Takht-i-Bahi: Brief overview
Takht-i-Bahi is a combination of two Persian words Takht & Bahi where Takht means “top” or “throne” while Bahi stands for “spring” or “water”. According to locals, the term refers to two springs on a nearby hill and thus symbolizing a “high spring”. The other yet credible notion is the term referring to as Throne of Origin which is a context widely used.
The Takht-i-Bahi grand monastery is situated on the flank of about 36.6 meters to 152.4 meters high hills. It is about 2 km east of Takht-e-Bahi bazaar on Mardan-Swat road. The main monastic complex is about 60 meters above the surrounding plains. There are a number of ruins stretching on the mountain around the main complex which can all be viewed from the top.
The scenic view from the top of the crest behind Takht-i-Bahi archaeological relics makes the hike up the worth of visit. One can see, across the plains, as far as Peshawar on one side and the Malakand Pass and the beautiful hills of Swat on the other. Sometimes fog covers the region in winters making it is even impossible to sight even the nearby Takht-i-Bahi bazaar and Mardan city.

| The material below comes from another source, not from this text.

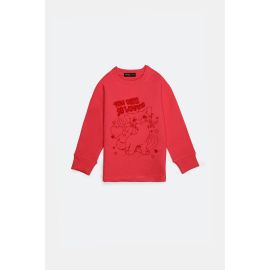 Pink Graphic Girls Sweatshirt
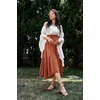 image:imageScarlet Darkness Maxi Skirts for Women Flowy Boho Renaissance SkirtOrange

The monastery of Takht-i-Bahi was first discovered by European Lieutenants Lumsden and Stokes in 1852. The remains, however, were mentioned in 1836 by General Court, the French officer of Maharaja Ranjit Singh. Later in 1871, Sergeant Wilcher found numerous sculptures from the site depicting life stories of Buddha. For detailed information excavation was carried out in 1911 to 1913. However, the outcome never turned to be as expected due to lack of proper recording. The site underwent major restoration in 1920.
Historically the monastery was in continuous use from 1st century B.C. to 7th century A.D. Archaeologist divide the history of the complex into four distinct periods.
It was believed that the monastic complex was founded in 1st century B.C. The basis serving as proof are the inscriptions found bearing the name of Gondophares (20-46 A.D.). The place then fell under the first Kushan king Kujula Kadphises. Likewise, in the second century, it came under Kushan king Kanishka, the Parthian and then again, the Kushan Kings.
Similarly, the second period which largely is believed as the creation of the Stupa Court and Assembly hall period is during the 3rd and 4th centuries A.D.
The third period is associated with the later Kushan dynasty as well as the Kidara Kushana rulers occurred during the 4th and 5th centuries.
The last construction period relates to the creation of the Trantic complex in 6th and 7th centuries which was overseen by invading Hun rulers.
Two different notions prevail regarding the destruction and abolishing of the site. According to historians White Huns of Central Asia destroyed the site along with other Gandhara sites. But according to the other account, one of the kings destroyed 1600 Stupas and monasteries and killed about two-thirds of Gandhara population. Thus, it was abandoned.
The remains comprise of four main areas of the complex which are:
- The main “Stupa Court” is a cluster of Stupas around a central courtyard.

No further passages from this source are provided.